■ YOUR ASSIGNMENT:
Copy out each line of the material in which the word "Cropped" can be found.

■ MATERIAL SHOWN:
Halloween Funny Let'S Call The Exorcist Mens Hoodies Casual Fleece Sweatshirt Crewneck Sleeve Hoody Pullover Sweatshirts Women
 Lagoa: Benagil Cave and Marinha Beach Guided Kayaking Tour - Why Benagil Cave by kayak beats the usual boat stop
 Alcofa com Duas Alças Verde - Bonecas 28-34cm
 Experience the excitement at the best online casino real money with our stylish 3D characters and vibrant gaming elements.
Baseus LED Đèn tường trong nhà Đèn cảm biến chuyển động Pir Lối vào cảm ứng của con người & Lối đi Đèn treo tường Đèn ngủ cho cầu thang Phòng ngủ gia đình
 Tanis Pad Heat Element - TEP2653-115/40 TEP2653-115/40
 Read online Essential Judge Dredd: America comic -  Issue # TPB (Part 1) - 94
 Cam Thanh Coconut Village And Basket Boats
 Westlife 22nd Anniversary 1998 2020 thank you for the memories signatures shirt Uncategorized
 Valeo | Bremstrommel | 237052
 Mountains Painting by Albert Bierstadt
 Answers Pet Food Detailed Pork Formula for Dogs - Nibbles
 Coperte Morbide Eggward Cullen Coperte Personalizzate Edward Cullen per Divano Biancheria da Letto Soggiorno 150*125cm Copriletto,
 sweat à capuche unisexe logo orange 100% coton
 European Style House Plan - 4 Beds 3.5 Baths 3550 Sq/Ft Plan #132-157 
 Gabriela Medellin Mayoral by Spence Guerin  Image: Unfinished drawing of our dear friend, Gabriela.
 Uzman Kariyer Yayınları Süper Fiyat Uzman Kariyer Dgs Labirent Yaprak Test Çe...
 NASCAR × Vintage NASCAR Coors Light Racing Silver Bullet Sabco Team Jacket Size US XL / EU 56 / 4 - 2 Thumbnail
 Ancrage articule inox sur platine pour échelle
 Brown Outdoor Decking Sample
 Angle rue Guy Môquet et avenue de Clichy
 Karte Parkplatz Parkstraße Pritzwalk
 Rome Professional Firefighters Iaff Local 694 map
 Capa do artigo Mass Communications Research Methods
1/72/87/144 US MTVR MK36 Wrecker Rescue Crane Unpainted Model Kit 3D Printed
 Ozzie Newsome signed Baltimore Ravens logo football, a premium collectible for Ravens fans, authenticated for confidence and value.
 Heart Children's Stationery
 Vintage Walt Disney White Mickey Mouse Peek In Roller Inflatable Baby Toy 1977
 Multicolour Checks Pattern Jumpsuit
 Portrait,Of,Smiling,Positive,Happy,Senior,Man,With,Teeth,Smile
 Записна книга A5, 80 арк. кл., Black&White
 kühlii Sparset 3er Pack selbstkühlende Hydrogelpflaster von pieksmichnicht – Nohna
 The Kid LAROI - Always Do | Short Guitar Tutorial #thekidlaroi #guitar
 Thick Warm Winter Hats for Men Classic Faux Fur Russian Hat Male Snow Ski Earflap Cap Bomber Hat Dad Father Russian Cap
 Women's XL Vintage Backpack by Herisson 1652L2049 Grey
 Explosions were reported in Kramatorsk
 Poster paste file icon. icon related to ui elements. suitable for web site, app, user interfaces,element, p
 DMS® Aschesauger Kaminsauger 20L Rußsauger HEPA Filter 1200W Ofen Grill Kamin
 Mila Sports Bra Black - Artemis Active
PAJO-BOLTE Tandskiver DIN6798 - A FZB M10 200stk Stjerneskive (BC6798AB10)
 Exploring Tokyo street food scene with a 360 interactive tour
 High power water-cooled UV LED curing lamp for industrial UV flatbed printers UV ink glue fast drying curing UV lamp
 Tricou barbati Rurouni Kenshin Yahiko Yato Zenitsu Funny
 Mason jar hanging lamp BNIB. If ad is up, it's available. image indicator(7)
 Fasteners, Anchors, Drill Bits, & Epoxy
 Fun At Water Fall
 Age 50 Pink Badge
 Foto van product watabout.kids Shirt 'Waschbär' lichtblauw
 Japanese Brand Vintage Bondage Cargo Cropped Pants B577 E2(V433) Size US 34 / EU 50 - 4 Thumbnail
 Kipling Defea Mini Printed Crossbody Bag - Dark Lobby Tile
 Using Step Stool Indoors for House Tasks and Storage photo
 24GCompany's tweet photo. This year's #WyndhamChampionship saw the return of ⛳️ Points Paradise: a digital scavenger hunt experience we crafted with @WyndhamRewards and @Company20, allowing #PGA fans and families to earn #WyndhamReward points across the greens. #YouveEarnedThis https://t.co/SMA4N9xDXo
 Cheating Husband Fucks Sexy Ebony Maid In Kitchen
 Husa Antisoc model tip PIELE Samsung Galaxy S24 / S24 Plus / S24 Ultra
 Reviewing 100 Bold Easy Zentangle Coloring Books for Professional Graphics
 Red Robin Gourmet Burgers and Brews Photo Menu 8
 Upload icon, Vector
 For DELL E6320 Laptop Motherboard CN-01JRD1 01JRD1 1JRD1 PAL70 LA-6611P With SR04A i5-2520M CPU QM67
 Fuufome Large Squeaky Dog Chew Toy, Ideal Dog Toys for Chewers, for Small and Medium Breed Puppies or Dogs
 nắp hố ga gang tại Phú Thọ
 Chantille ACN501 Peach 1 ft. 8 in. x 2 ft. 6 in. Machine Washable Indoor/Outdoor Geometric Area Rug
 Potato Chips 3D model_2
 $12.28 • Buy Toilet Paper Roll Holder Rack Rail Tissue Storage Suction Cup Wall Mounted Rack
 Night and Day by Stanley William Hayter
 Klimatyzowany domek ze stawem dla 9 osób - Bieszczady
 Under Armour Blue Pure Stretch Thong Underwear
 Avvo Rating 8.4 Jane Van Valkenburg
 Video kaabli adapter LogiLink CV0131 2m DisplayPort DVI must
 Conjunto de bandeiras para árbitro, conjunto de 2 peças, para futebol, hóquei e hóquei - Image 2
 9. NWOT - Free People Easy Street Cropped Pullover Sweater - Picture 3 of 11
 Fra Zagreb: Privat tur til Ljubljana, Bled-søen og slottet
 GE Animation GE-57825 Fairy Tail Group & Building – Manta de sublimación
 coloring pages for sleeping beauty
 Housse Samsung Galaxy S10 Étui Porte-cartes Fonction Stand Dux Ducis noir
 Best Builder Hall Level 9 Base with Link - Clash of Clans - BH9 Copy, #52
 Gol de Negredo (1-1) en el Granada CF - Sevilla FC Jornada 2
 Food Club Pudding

■ RESULT OF THE EXERCISE:
 Japanese Brand Vintage Bondage Cargo Cropped Pants B577 E2(V433) Size US 34 / EU 50 - 4 Thumbnail
 9. NWOT - Free People Easy Street Cropped Pullover Sweater - Picture 3 of 11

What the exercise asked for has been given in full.